Un autor francés ha escrito: «¿Sabéis qué es lo que hace al hombre la más desgraciada de las criaturas? Es el tener un pie en lo finito y el otro pie en lo infinito, pues así se siente despedazado entre dos mundos». Pero Jesús tenía un pie en medio de la vulgar vida de Nazaret y el otro pie en las necesidades del mundo. Dos mundos en tremendo conflicto, ¿y no iba él a sentirse despedazado entre ambos? ¿No creéis que era desdichado? Pues no lo era, porque él logró hacer uno solo de aquellos dos mundos.

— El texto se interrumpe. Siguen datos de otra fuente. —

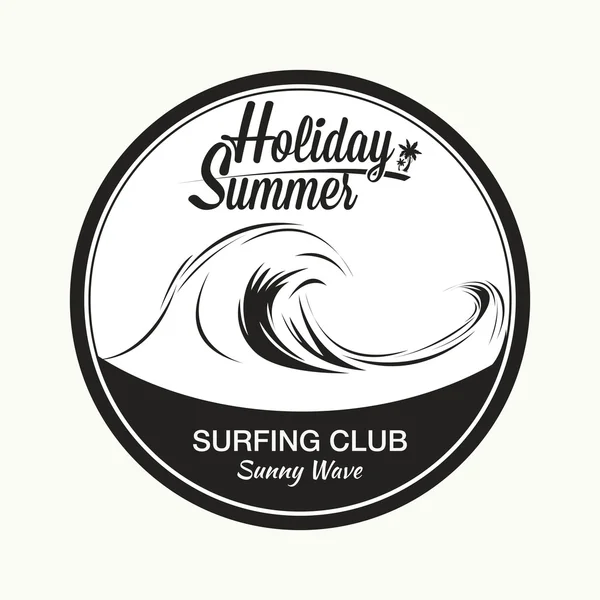 서핑 클럽, 화창한 파도. — 스톡 벡터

Él trasladó lo infinito a lo finito, y lo finito lo trasladó a lo infinito. Haciendo un arado estaba trabajando por la renovación del mundo, de manera que ese arado lo haría lo mejor posible para que fuese digno del Redentor del mundo. Alguien ha dicho: «Si haces una cosa pequeña como si fuera de suma importancia, Dios te permitirá algún día hacer una gran cosa como si sólo se tratara de una cosa pequeña». Así, de día en día, en aquella vulgar Nazaret, Jesús fue tejiendo con sin igual paciencia la túnica sin costuras que habría de lucir ante el mundo.
Se le preguntó a una joven de los Balcanes si no se aburría de estar tejiendo puntadas tan pequeñas en la tela que bordaba. «¡Oh, no! Este es mi traje de bodas», replicó alegremente. Aquellas puntadas ya no eran triviales, porque tenían relación con algo muy grande.